> _MATERIAL FOR THIS TASK_:
- Opening Delimiter -
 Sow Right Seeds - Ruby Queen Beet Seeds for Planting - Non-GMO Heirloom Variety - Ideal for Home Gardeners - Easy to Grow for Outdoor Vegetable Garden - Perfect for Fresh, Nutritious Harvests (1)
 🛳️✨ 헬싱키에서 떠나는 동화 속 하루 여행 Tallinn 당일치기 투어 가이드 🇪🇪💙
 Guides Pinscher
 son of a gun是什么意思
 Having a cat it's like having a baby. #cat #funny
- Closing Delimiter -
- Opening Delimiter -
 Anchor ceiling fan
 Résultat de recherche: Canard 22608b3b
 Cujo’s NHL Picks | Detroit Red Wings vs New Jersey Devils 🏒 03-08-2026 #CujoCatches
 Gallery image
- Closing Delimiter -
> _PROBLEM REQUIREMENTS_:
Look above for the line with "Résultat de recherche: Canard 22608b3b" and the line with "Gallery image". Retype those two lines and every line between them exactly, adding nothing.

> _ANSWER SPACE_:
 Résultat de recherche: Canard 22608b3b
 Cujo’s NHL Picks | Detroit Red Wings vs New Jersey Devils 🏒 03-08-2026 #CujoCatches
 Gallery image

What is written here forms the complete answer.